# Yearling ND doe



## Twisted Vines Farm (Jun 11, 2011)

*Please critique my ND Yearling Doe?*

Twisted Vines IF Arpeggio at her first show. Her class was pretty large and very competitive but she placed consistently towards the top of her class (2nd and 3rd) over some extremely impressive yearling does. 

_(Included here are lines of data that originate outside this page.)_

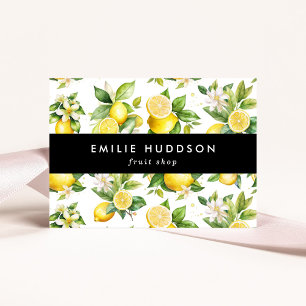 Lemon Pattern, Lemon Flowers, Citrus, Fruit Shop Business Card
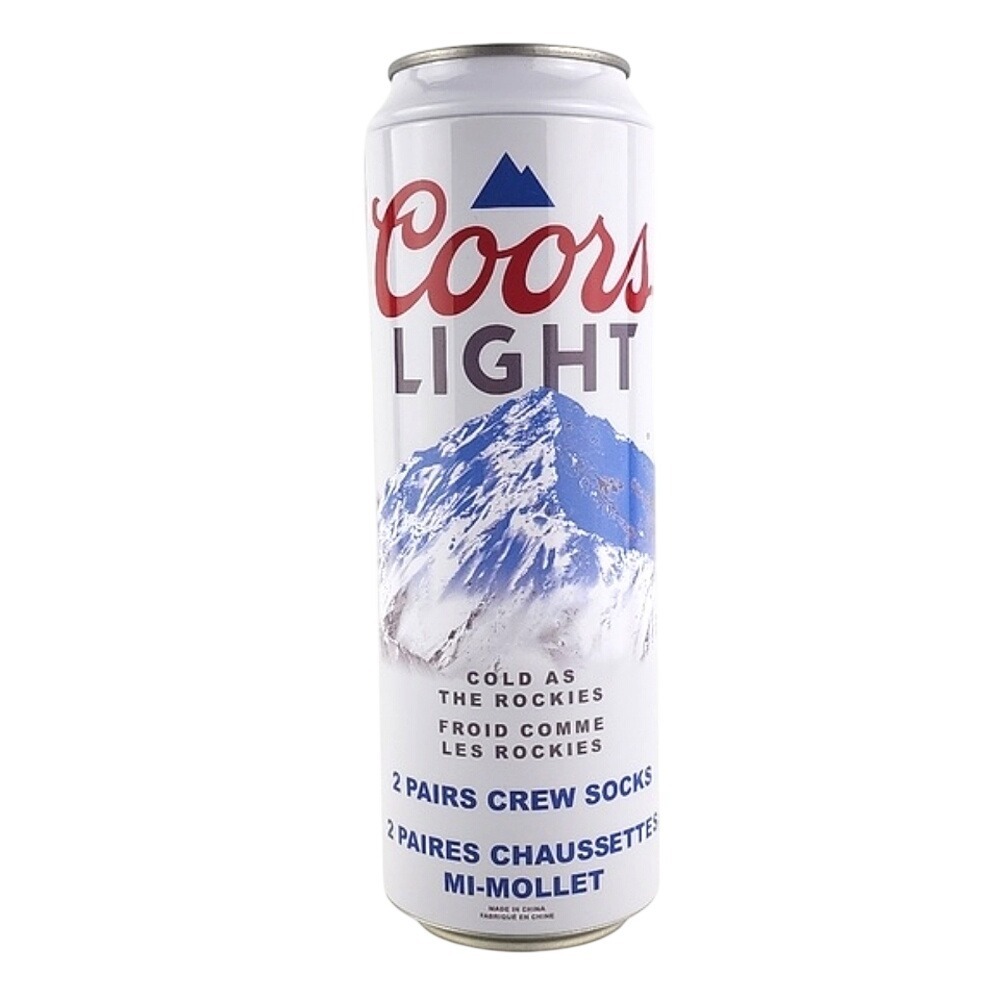 NWT 2 Pairs Crew Socks Red White Novelty Coors Lite Beer Can Gift Size 8-12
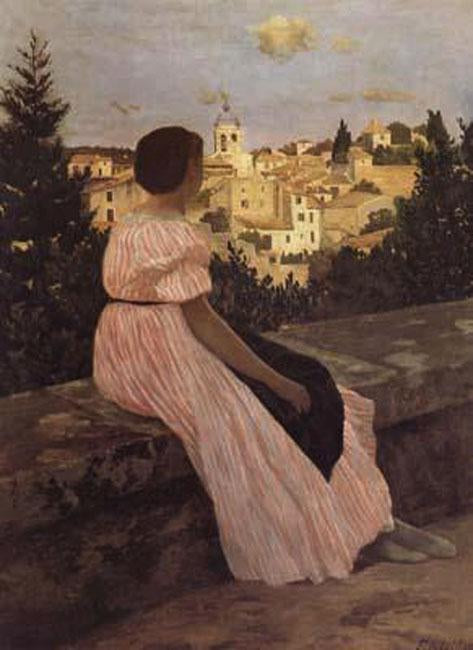 The Pink Dress,Frederic Bazille,27.5x36cm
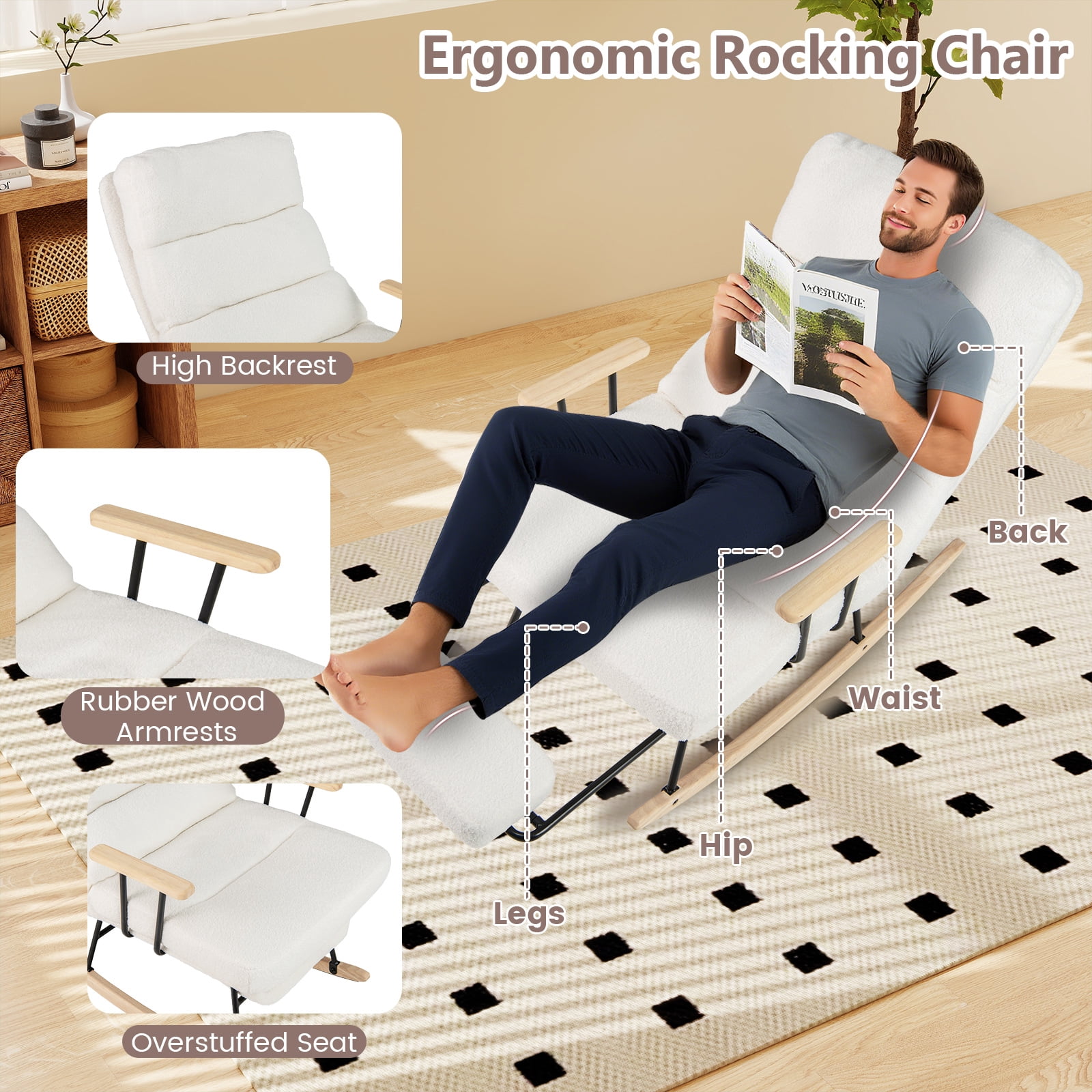 Costway 1 PCS Nursery Rocking Chair with 5-level Adjustable Backrest & Retractable Footrest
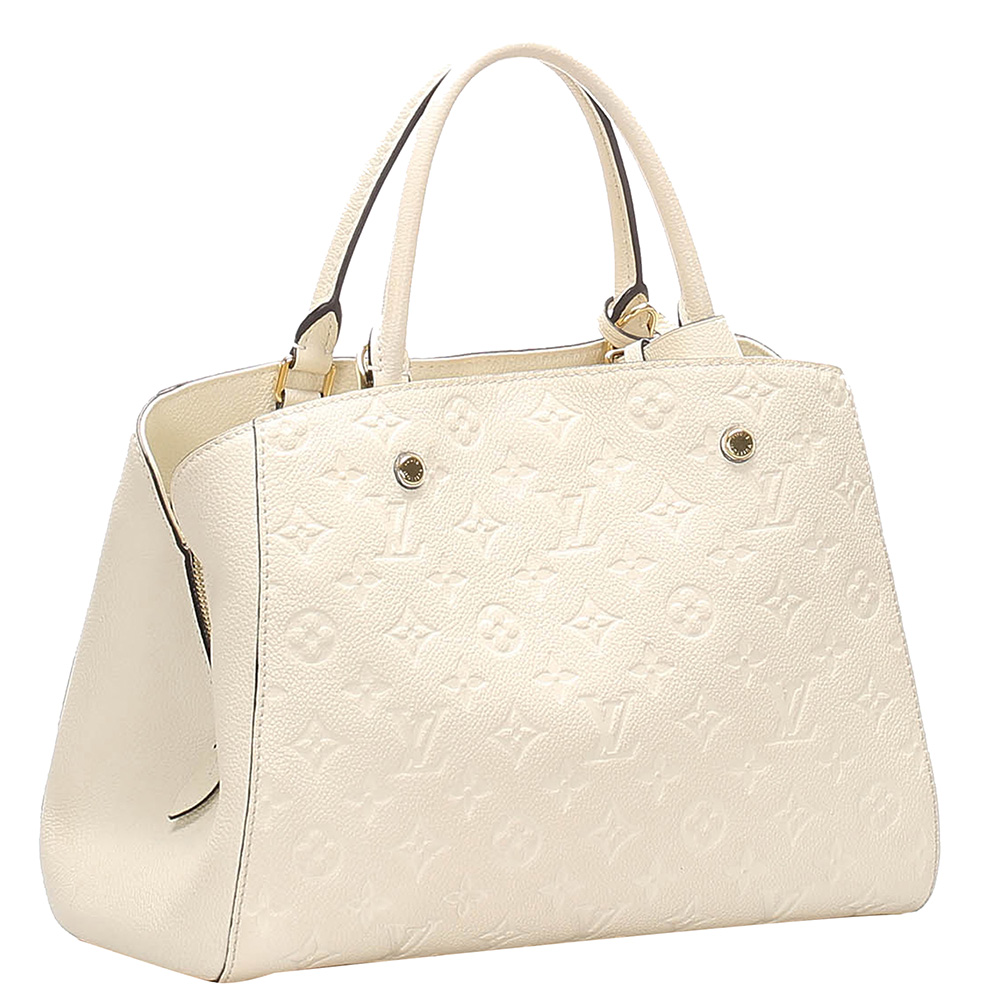 

Louis Vuitton White Monogram Empreinte Montaigne MM Bag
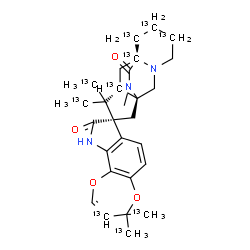 ChemSpider 2D Image | (1S,8S,10S,12S)-14-Methyl-4',4',11,11-tetrakis[(~13~C)methyl](3',5,6,7,8,10-~13~C_6_)-4'H,15H-spiro[3,14-diazatetracyclo[6.5.2.0~1,10~.0~3,8~]pentadecane-12,8'-[1,4]dioxepino[2,3-g]indole]-9',15(10'H)
-dione | C1813C10H35N3O4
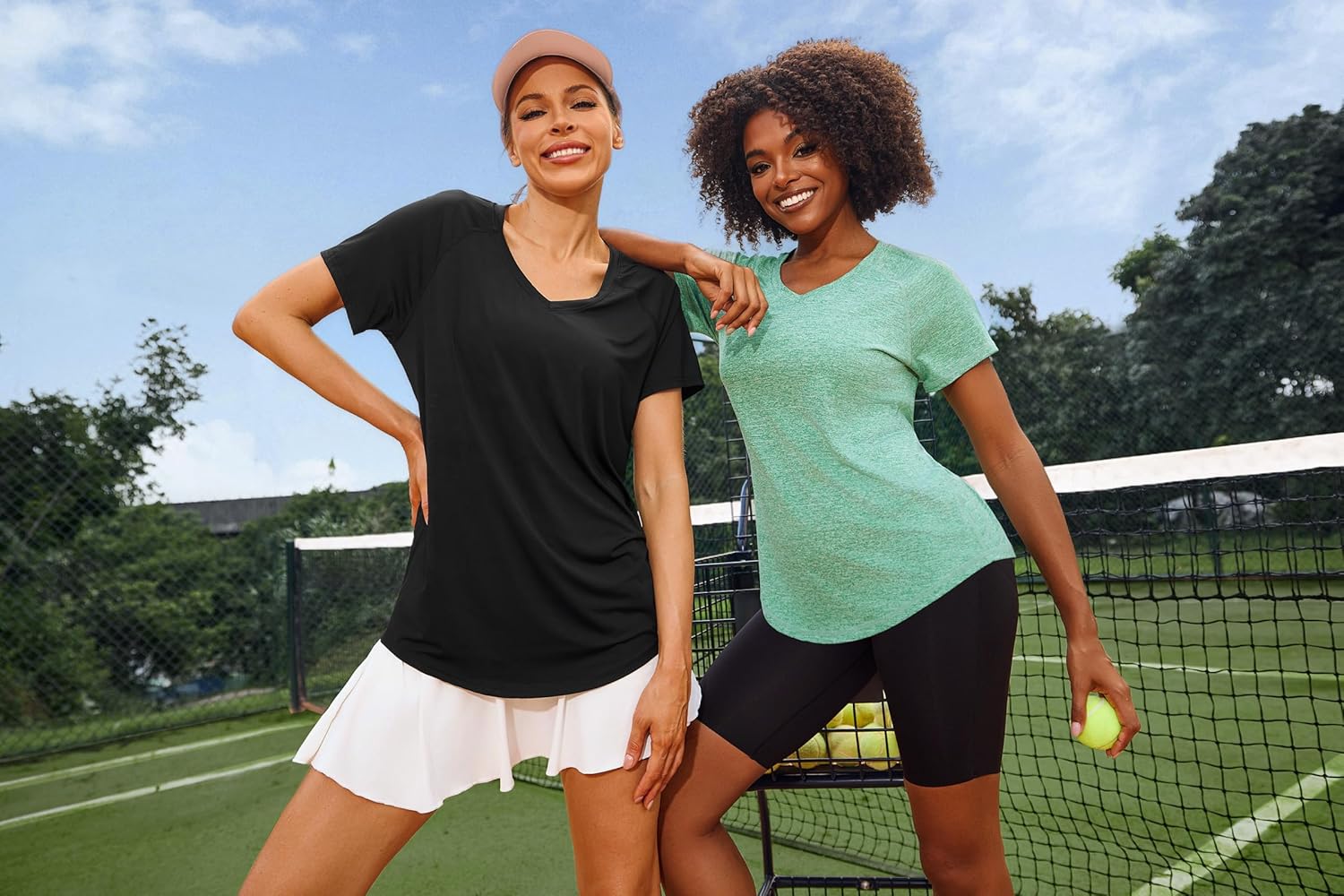 Thumbnail 6 de Wayleb Damen Sportshirt Kurzarm mit V-Ausschnitt und Mesh-Rückenteil – atmungsaktives Laufshirt für Fitness, Yoga & Sommer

What do you all think of her? So far the main thing about her is that she could use more body capacity, so please add anything else you notice, positive or negative 

In the last photo she is next to the goat on the far left.


----------



## Twisted Vines Farm (Jun 11, 2011)

any thoughts?


----------



## HalfAChanceFarm (Dec 1, 2012)

It looks like she has nice length with nice dairyness. Very feminine looking. I think she could use a tad bit more angularity, but still good. Could use better front end, including straighter legs with better brisket extension. Fairly good depth, but would like a better barrel extension and capacity. Her topline and rump looks like it could be more level, though when you "tickle" her she seems to looks a lot nicer. 

Overall, very nice doe.


----------



## Twisted Vines Farm (Jun 11, 2011)

thanks for the opinion! Much appreciated!


----------



## HerdQueen (Oct 15, 2012)

I agree with Half-A-Chance, but wonder if her front end looks like your bringing her front legs forward to much. Get them under her shoulders and we may see her brisket extend a lil more, plus having them so far forward makes her appear that her front legs bow backward. But she is a really pretty girl. I like her length.


----------



## Twisted Vines Farm (Jun 11, 2011)

Yeah, now that I look at the photos I definitely was putting her front legs forward a bit to much, thanks for the tip! I will pay more attention to that next time...
Here's an older photo (its pretty bad since she was being a brat), but her front legs are set up more correctly I think.


----------



## HerdQueen (Oct 15, 2012)

Her legs are set up better, and look I see a brisket! She really is a pretty girl. I hope you do well with her!


----------



## liz (Oct 5, 2007)

very nice length and levelness!


----------



## NyGoatMom (Jan 26, 2013)

Beautiful doe! Congrats!


----------